Value Metric
Churn Rate
Churn Rate is the percentage of customers (or revenue) lost over a period — the inverse of retention.
What is Churn Rate?
Churn Rate measures the share of customers, or recurring revenue, that you lose in a given period. Customer (logo) churn counts departing accounts; revenue churn counts lost dollars, which can differ sharply if the customers who leave are unusually large or small.
Churn is the leak in the bucket. Because acquisition is expensive, even small reductions in churn dramatically improve lifetime value and the efficiency of your entire growth model.
How to calculate it
Churn Rate = Customers Lost in Period ÷ Customers at Start of Period × 100
- Customers Lost
- Customers who cancelled during the period
- Customers at Start
- Total customers at the start of the period
Worked example
If you began the month with 2,000 customers and 60 cancelled, monthly churn = 60 ÷ 2,000 × 100 = 3%.
What good looks like
- Good monthly churn (SaaS)< 2% (SMB) · < 1% (enterprise)
Lower is better; annual logo churn under ~5–7% is strong for B2B. Consumer products run much higher.
Source: Paddle / ProfitWell
Why it matters
Churn caps how big you can grow: at 5% monthly churn, you lose nearly half your customers a year, so acquisition just treads water. Because retained customers are far cheaper than new ones, reducing churn is usually the highest-leverage growth investment — and rising churn is the earliest sign that value or fit is slipping.
How to improve Churn Rate
Diagnose why customers leave
Interview churned customers and analyze the behaviors that precede cancellation to find the real drivers.

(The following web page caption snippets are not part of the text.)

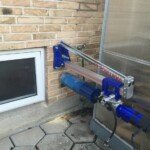 Vantinge EL ApS råder over boremaskiner der kan bore fra de helt små huller og op til 200mm diamantbor med vandkøling.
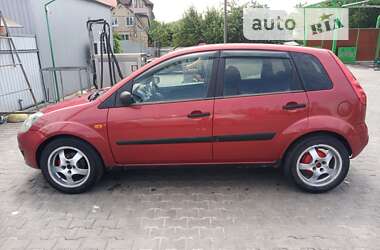 Хэтчбек Ford Fiesta 2006 в Киеве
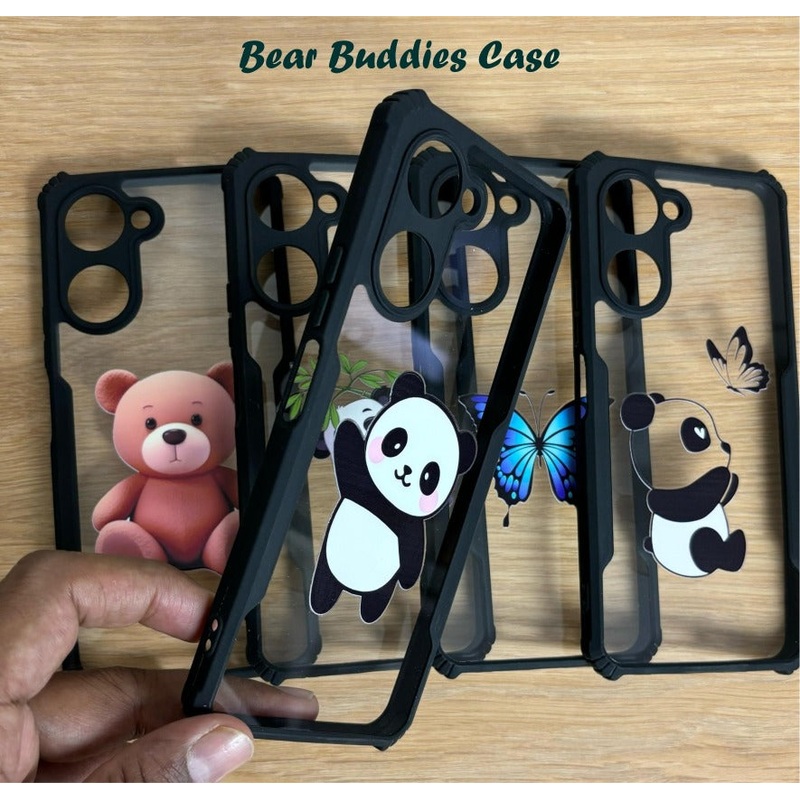 Bear Buddies Case For Apple Iphone 16 Plus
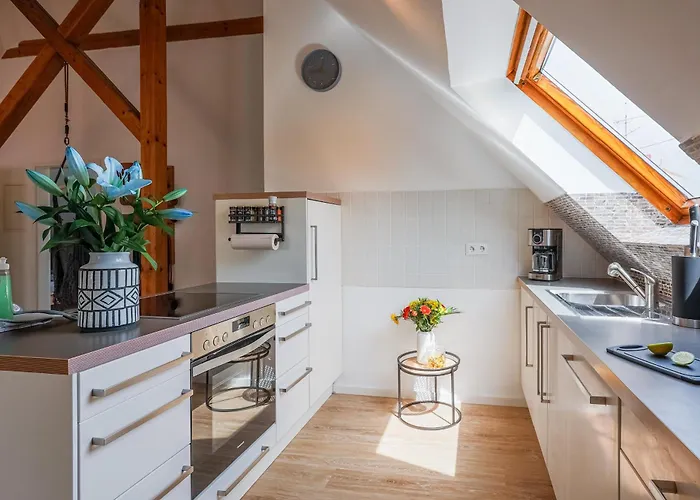 Dreamstay Traum Penthouse Goeggingen アパート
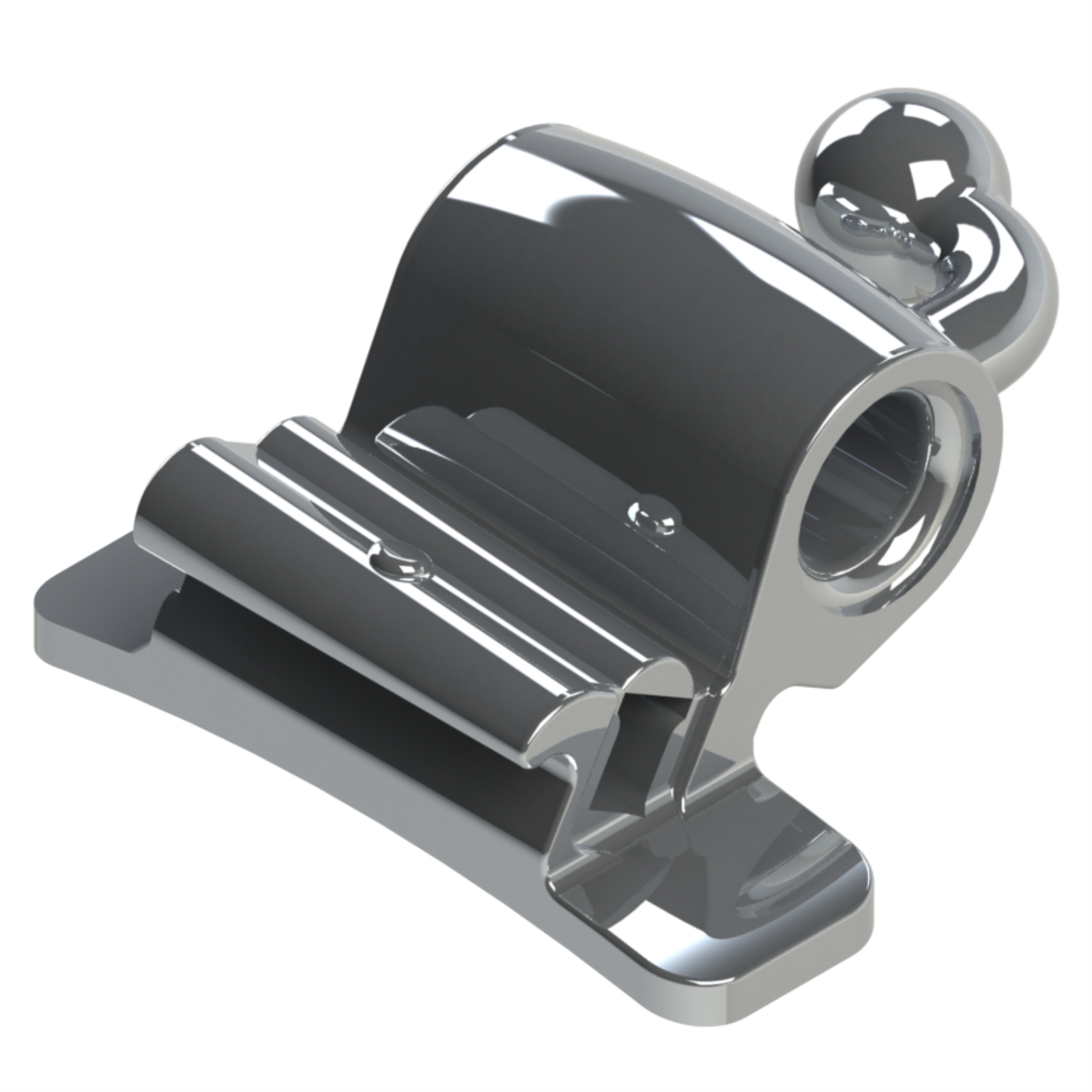 Roth .022 1er Molar No Convertible, Metal, 200pcs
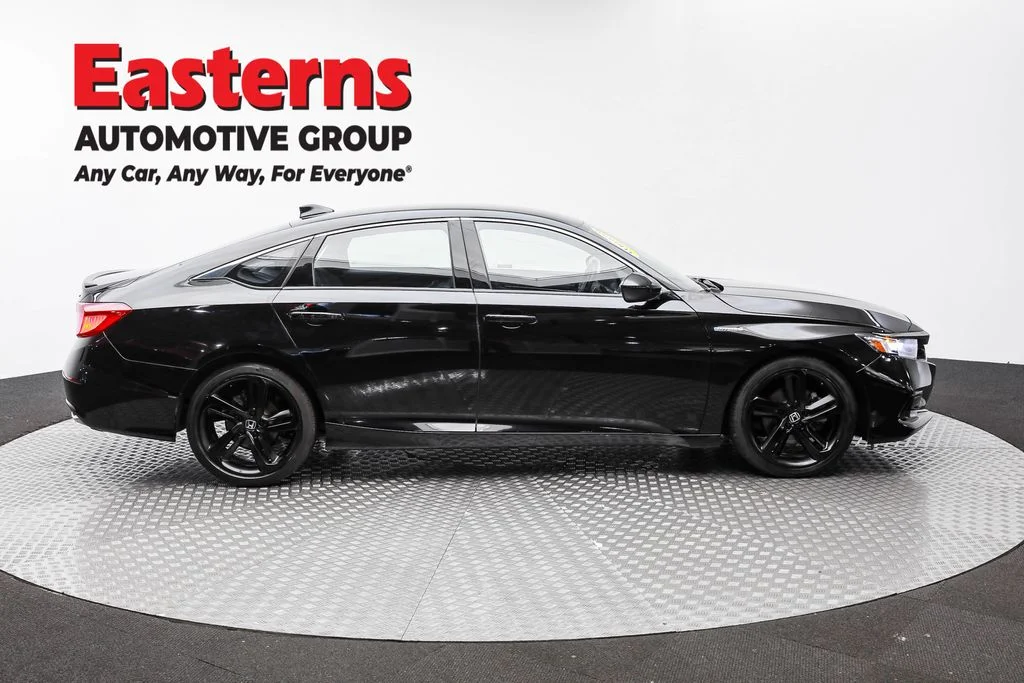Used 2022 Black Honda Sport image 4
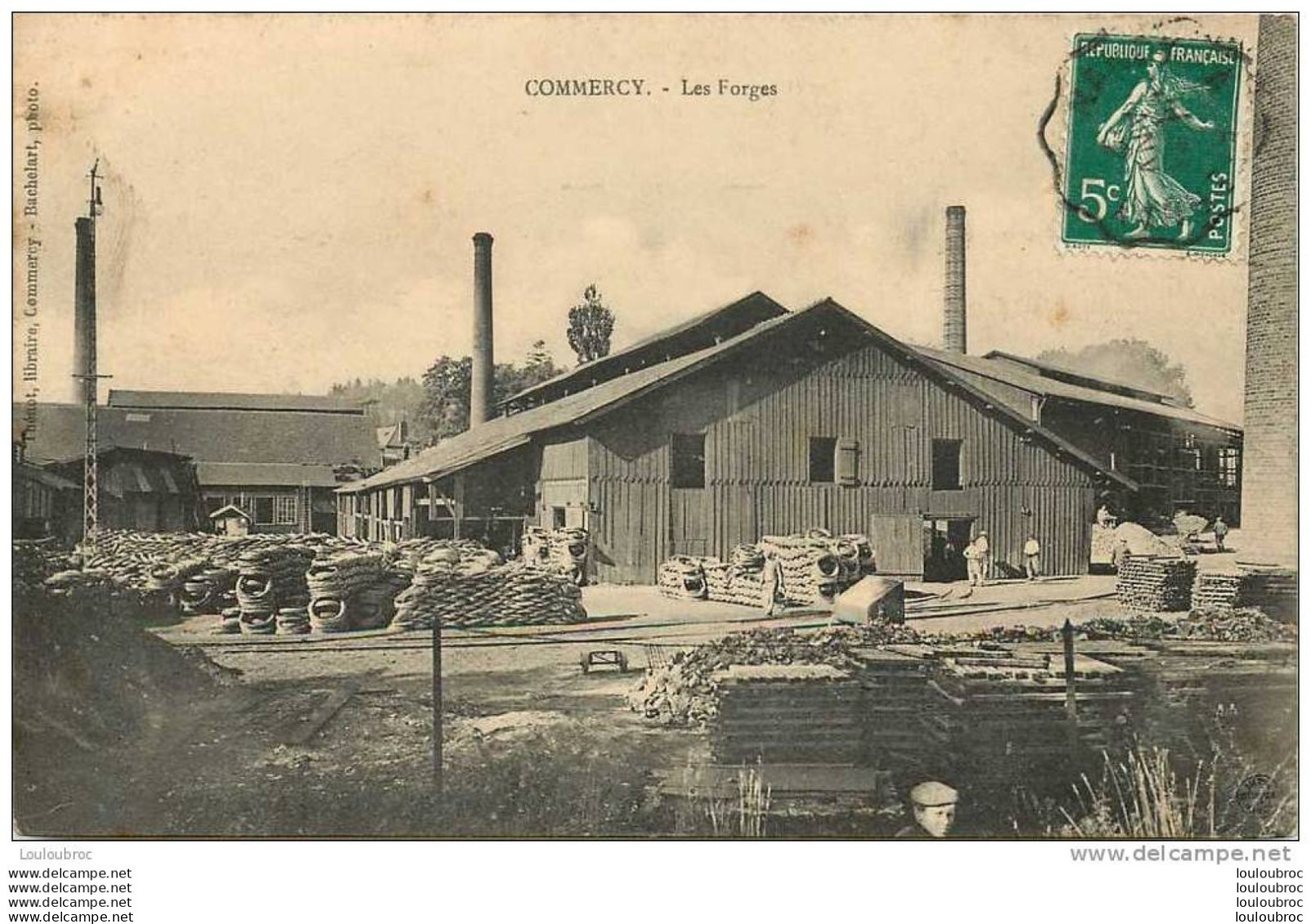 55 COMMERCY LES FORGES - Commercy
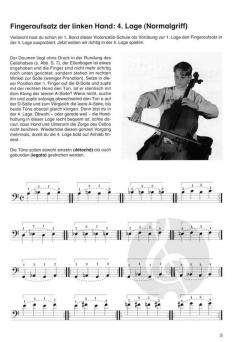 Violoncello spielen(d) lernen Band 3 von Edwin Koch im Alle Noten Shop kaufen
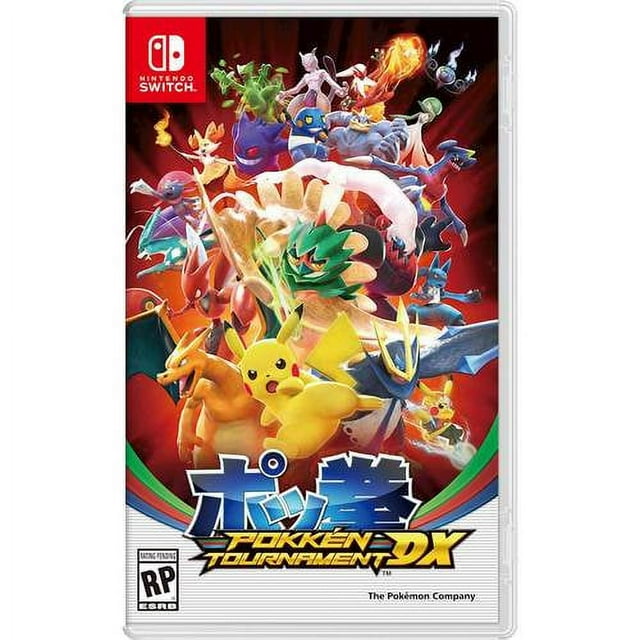Pokken Tournament DX, Nintendo, Nintendo Switch, 045496591137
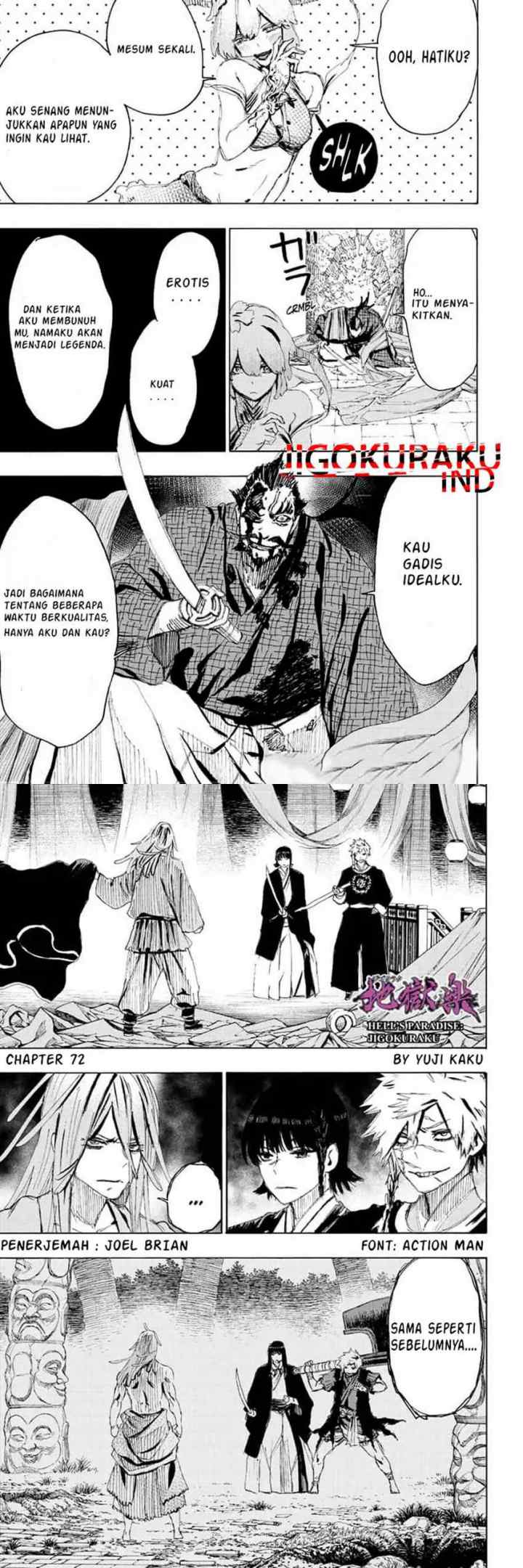 Jigokuraku chapter 72 halaman 10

Strengthen onboarding and early value
Most churn traces back to weak activation. Getting users to value faster lifts retention across every later cohort.
Frequently asked questions
What is a good churn rate?
For B2B SaaS, monthly logo churn under 2% (SMB) or under 1% (enterprise) is considered healthy, translating to annual churn in the mid-single digits. Consumer and freemium products typically see much higher churn and rely on scale to compensate.
What is the difference between customer churn and revenue churn?
Customer (logo) churn counts the number of customers lost; revenue churn counts the recurring revenue lost. They diverge when the customers leaving are larger or smaller than average — a few big departures can spike revenue churn even at low logo churn.